Before you begin, you really really should use a text editor for writing your code, not the R GUI (graphical user interface – the windows which open when you select R in your list of programs). This is because text editors do useful things like save your code, and colour it in pretty colours for the names of functions and arguments – the same as the code in this blog. Just believe me, this is extremely useful for finding mistakes. I use Tinn-R but nearly everyone is now using R Studio – both are free and open-source. Find a text editor that works with R and use it!

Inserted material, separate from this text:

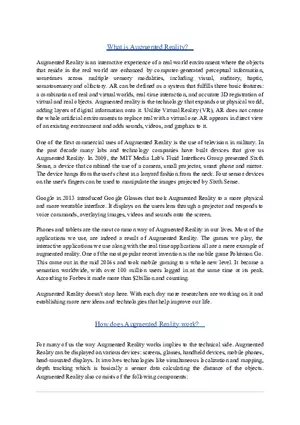 Augmented Reality Final Report
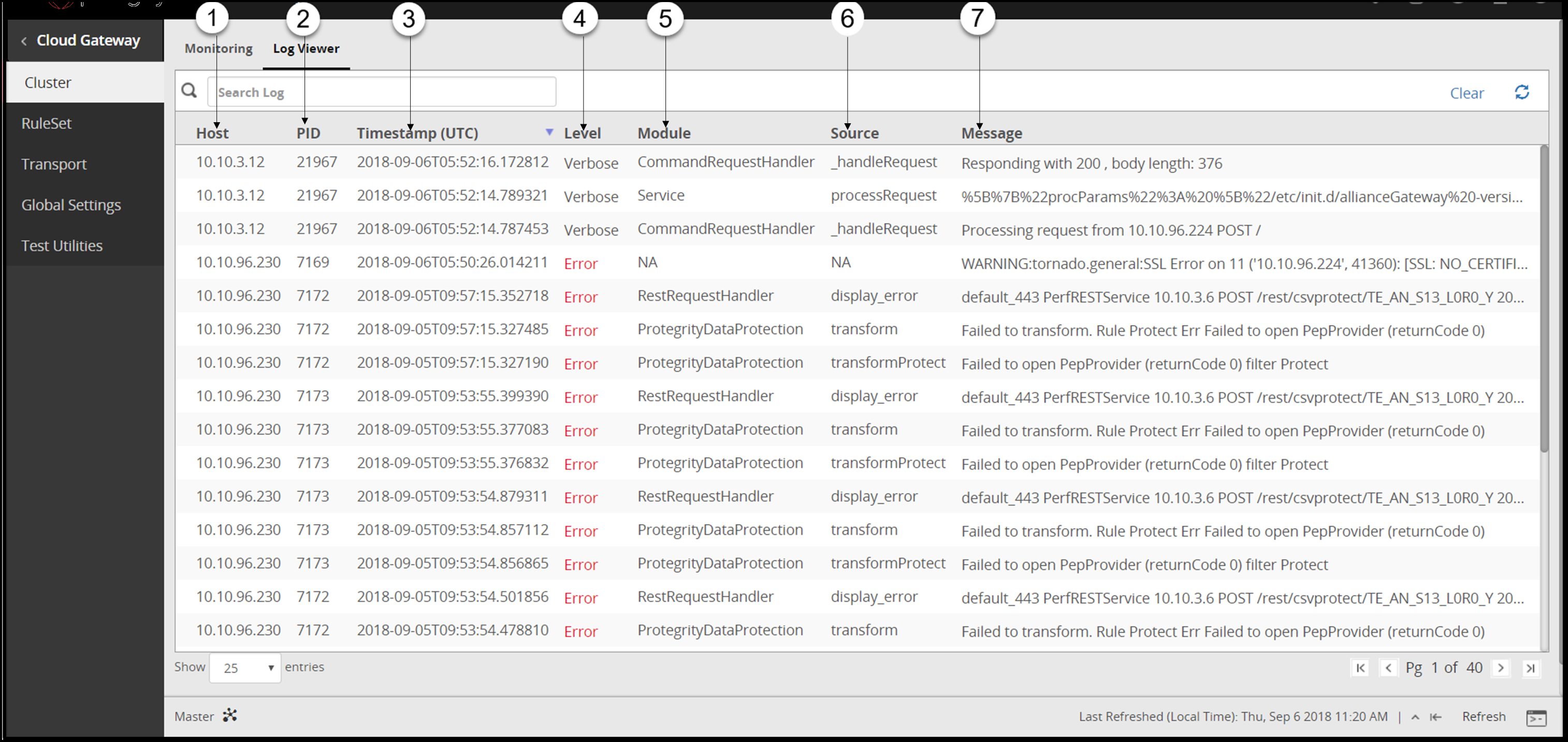 Log Viewer screen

Now, R thinks about the world a particular way. R divides the world into objects, functions and arguments. R commands are very often in the form “Make me an object that is made by doing these functions to that other object, according to those arguments”. Arguments are kind of like settings. Your data, as far as R sees it, is an object. But it’s probably an Excel or Open Office spreadsheet, which R does not deal directly with and cannot use as an object. R would much rather that your data was a data object, so you want to make a data object. Many first-timers use the clipboard function, and we often do that in teaching because we have the datasets ready and in the right format. Chances are that you don’t have your data in the right format, so we’re going to take a slightly longer route which we have much more control over.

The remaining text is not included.